Your goal. Using the records below, transcribe word for word the stretch from the line that contains "Harmonti 6-Piece Patio" through the line that contains "Royale Crystal Collection", both end lines included, and nothing else.

Supplied entries.
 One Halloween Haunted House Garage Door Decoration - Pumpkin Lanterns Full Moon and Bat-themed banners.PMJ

==

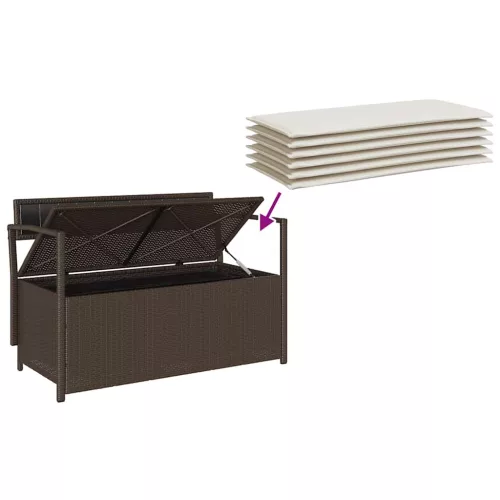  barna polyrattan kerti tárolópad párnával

* * *

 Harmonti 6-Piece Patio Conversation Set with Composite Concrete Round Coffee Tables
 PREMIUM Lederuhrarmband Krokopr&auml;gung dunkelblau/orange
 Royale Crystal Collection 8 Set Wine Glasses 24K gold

Solution below.
 Harmonti 6-Piece Patio Conversation Set with Composite Concrete Round Coffee Tables
 PREMIUM Lederuhrarmband Krokopr&auml;gung dunkelblau/orange
 Royale Crystal Collection 8 Set Wine Glasses 24K gold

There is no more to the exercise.